Numeral 106 represents an A/D converter. The A/D converter 106 converts an analog electrical signal output from the photoelectric converting unit 105 into a digital electrical signal. When the A/D converter 106 converts an electrical signal from the photoelectric converting unit 105 into a digital signal, a binary signal formed of a bar-code 101, which includes a black level signal corresponding to a black bar and a white level signal corresponding to a white bar, is obtained.
Numeral 107 represents a bar-width counter. The barwidth counter 107 counts the time width of a black level signal and the time width of a white level signal output from the A/D converter 106, based on clock signals produced by the clock generator 108. The time width of the black level signal corresponds to the width of a black bar while the time width of the white level signal corresponds to the width of a white bar.
Numeral 109 is a memory. The memory 109 stores a count value output from a bar-width counter, or bar-width data.
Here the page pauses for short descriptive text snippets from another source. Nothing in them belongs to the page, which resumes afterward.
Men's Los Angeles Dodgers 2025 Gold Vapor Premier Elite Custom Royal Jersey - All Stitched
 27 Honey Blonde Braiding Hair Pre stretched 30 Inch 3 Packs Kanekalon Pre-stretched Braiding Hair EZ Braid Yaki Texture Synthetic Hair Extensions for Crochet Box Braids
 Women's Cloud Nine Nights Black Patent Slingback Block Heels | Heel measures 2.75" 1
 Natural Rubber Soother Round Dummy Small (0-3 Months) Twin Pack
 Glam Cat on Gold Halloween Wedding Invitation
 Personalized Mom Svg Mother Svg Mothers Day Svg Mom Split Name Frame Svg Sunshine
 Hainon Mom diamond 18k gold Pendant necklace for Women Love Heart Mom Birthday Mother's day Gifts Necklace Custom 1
The CPU 110 receives the count value to demodulate bar-code data.
Formerly, the He-Ne gas laser has been used as a laser light source. Recently small bar-code readers have been demanded. However, since the gas laser is bulky, it has been difficult to bring the bar-code reader to a small size. Hence semiconductor lasers are being preferably used as laser light sources. There is a problem in that although the semiconductor laser, smaller than the gas laser, provides low power consumption, but it has a shorter service life.
In operation of the bar-code reader employing a semiconductor laser, various methods have been tried to prolong the effective service life of the laser light source.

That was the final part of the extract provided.